- [Input]

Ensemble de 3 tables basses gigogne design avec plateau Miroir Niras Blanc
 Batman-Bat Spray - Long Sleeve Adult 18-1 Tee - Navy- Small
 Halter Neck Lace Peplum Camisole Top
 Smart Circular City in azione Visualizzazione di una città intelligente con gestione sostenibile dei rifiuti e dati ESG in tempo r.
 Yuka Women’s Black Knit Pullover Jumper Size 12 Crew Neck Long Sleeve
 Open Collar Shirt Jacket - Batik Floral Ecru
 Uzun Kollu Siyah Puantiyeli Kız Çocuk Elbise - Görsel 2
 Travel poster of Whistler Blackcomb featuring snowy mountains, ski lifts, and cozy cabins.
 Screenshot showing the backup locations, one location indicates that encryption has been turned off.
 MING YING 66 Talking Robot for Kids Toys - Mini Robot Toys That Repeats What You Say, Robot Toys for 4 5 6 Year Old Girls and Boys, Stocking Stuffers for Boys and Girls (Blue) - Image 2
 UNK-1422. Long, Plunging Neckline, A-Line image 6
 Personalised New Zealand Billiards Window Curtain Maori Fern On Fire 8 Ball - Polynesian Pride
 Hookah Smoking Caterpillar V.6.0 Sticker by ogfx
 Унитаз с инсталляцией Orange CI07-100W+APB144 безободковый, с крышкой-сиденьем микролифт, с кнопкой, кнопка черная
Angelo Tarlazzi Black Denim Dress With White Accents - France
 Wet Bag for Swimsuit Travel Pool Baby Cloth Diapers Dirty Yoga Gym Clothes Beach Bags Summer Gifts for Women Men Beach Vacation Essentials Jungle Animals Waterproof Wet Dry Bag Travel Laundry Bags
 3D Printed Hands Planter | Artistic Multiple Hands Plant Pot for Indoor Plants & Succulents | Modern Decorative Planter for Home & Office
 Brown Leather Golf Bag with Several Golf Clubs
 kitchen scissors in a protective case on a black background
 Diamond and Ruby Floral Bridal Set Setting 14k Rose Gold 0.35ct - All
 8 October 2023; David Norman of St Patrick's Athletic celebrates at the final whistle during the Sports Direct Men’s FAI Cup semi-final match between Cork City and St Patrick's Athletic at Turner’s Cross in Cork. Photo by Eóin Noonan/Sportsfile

- [What the task requires] For each record above, print an exact copy.

- [Exercise solution]
Ensemble de 3 tables basses gigogne design avec plateau Miroir Niras Blanc
 Batman-Bat Spray - Long Sleeve Adult 18-1 Tee - Navy- Small
 Halter Neck Lace Peplum Camisole Top
 Smart Circular City in azione Visualizzazione di una città intelligente con gestione sostenibile dei rifiuti e dati ESG in tempo r.
 Yuka Women’s Black Knit Pullover Jumper Size 12 Crew Neck Long Sleeve
 Open Collar Shirt Jacket - Batik Floral Ecru
 Uzun Kollu Siyah Puantiyeli Kız Çocuk Elbise - Görsel 2
 Travel poster of Whistler Blackcomb featuring snowy mountains, ski lifts, and cozy cabins.
 Screenshot showing the backup locations, one location indicates that encryption has been turned off.
 MING YING 66 Talking Robot for Kids Toys - Mini Robot Toys That Repeats What You Say, Robot Toys for 4 5 6 Year Old Girls and Boys, Stocking Stuffers for Boys and Girls (Blue) - Image 2
 UNK-1422. Long, Plunging Neckline, A-Line image 6
 Personalised New Zealand Billiards Window Curtain Maori Fern On Fire 8 Ball - Polynesian Pride
 Hookah Smoking Caterpillar V.6.0 Sticker by ogfx
 Унитаз с инсталляцией Orange CI07-100W+APB144 безободковый, с крышкой-сиденьем микролифт, с кнопкой, кнопка черная
Angelo Tarlazzi Black Denim Dress With White Accents - France
 Wet Bag for Swimsuit Travel Pool Baby Cloth Diapers Dirty Yoga Gym Clothes Beach Bags Summer Gifts for Women Men Beach Vacation Essentials Jungle Animals Waterproof Wet Dry Bag Travel Laundry Bags
 3D Printed Hands Planter | Artistic Multiple Hands Plant Pot for Indoor Plants & Succulents | Modern Decorative Planter for Home & Office
 Brown Leather Golf Bag with Several Golf Clubs
 kitchen scissors in a protective case on a black background
 Diamond and Ruby Floral Bridal Set Setting 14k Rose Gold 0.35ct - All
 8 October 2023; David Norman of St Patrick's Athletic celebrates at the final whistle during the Sports Direct Men’s FAI Cup semi-final match between Cork City and St Patrick's Athletic at Turner’s Cross in Cork. Photo by Eóin Noonan/Sportsfile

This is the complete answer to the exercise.